Analysts at UBS Securities suggest that a 30-per-cent wage increase will have a significant impact on the profits of PC makers and suppliers in China. Foxconn’s earnings could fall by as much as 13 per cent this year and 19 per cent in 2011, UBS said.
Tao Wang, the head of China economic research for UBS, expects the impact on inflation will be limited. She expects labour productivity improvements to absorb some of the costs and predicts that producers, rather than raise prices, will accept lower margins in the short term to retain competitiveness.
In the long term, however, rising wages will be a positive not only for workers, but also the economy. China’s government hopes to boost consumer spending and shift the economy away from such a strong dependence on export demand. Higher wages for Chinese workers are part of the evolution and maturation of the economy that Beijing has long tried to engineer.
“Pushing wage and salary increases is an important policy adopted by the Chinese government. The policy target is to adjust the income distribution in China by raising the proportion of national income that goes to labour compensation,” said Na Liu, founder of CNC Asset Management Ltd., a Toronto-based firm focused on helping Canadians invest in the Chinese equity markets and the global raw materials sector.

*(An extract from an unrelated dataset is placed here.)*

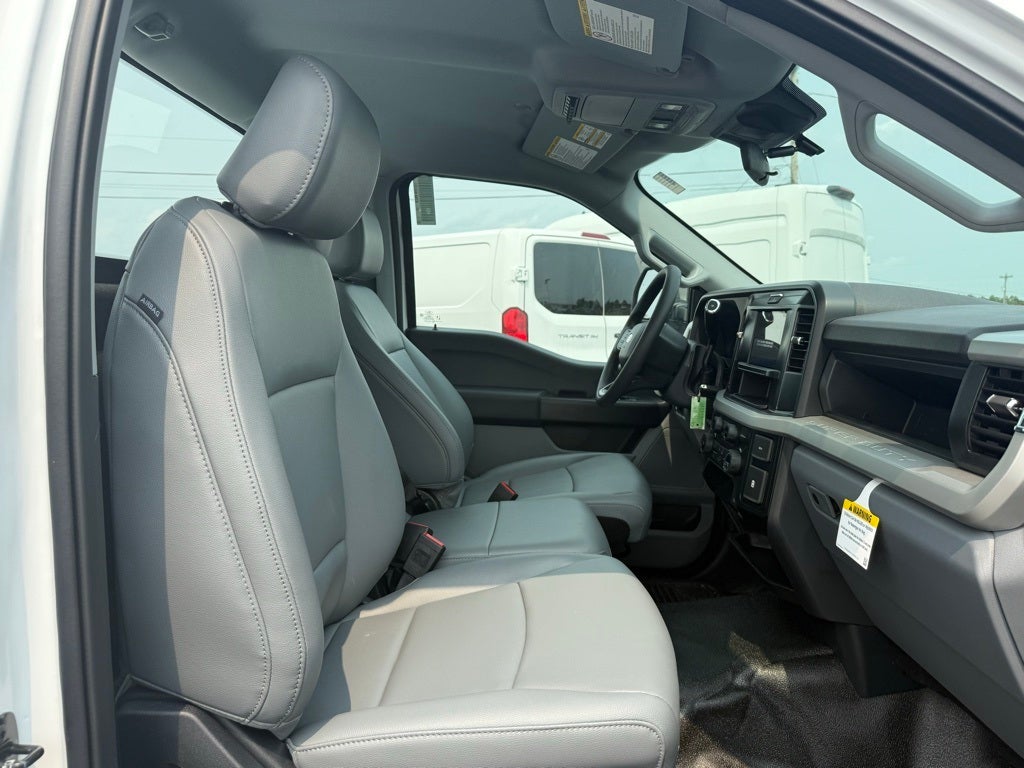 2025 Ford F-350SD XL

“This is highly desirable as the Chinese economy is in the process of rebalancing from an investment-driven economy to a more consumption-driven economy. The impact on the economy is neutral in the near term and positive in the medium to longer term,” Mr. Liu said.
One of the government’s major concerns continues to be housing affordability. Real estate prices have soared in China’s major cities including Beijing, Shanghai and Shenzhen, and the government has reacted with a series of measures aimed at cooling the overheated market, driving out speculators and making housing more affordable for China’s workers. Property sales in Beijing plunged 70 per cent in May from the month before in response to the measures but prices have remained high.
Perhaps the most telling sign that real wage improvements are set to take hold in China was the extensive coverage of the Honda strike and the Foxconn suicides by the country’s state-controlled media. In the past, the government rarely permitted reporting on labour disputes and unrest by the Chinese media. The Foxconn and Honda stories have been front-page news in most of China’s newspapers in recent weeks.
World’s workshop matures
1. Labour
An increasingly tight labour market and rising living standards have provoked a series of strikes, labour disputes and worker demands that have are leading to increased wages and benefits for China’s migrant workers. As China’s population ages, the new generation of migrant workers who toil in factories producing computers, cellphones and automobiles are demanding and winning concessions from employers.
2. Productivity
Labour productivity growth has generally been in line with wage increases in the past. However, the sharp rise in worker pay currently under way, (a doubling of pay for Foxconn workers, for example) could squeeze profit margins. This could spur inflation and add pressures to an already slowing Chinese economy.
3. Shift to the Chinese consumer
China doesn’t want to be the world’s workshop and a source of inexpensive labour forever. It hopes that increasing wages will shift its economy from an investment- and export-driven model to one driven by domestic demand from its massive population of 1.3 billion people. As pay rises, Chinese consumers will have more disposable income to spend on electronics, services and automobiles. China recently overtook the United States as the world’s largest auto market.
4. Currency
China has kept its currency, called the yuan or Renminbi, artificially low and pegged to the U.S. dollar to give its exporters an advantage over competitors. China is widely expected to allow the yuan to rise against the greenback some time this year. While a stronger yuan would present challenges to Chinese exporters, it would also increase the purchasing power of Chinese consumers, which would boost spending and stimulate the economy.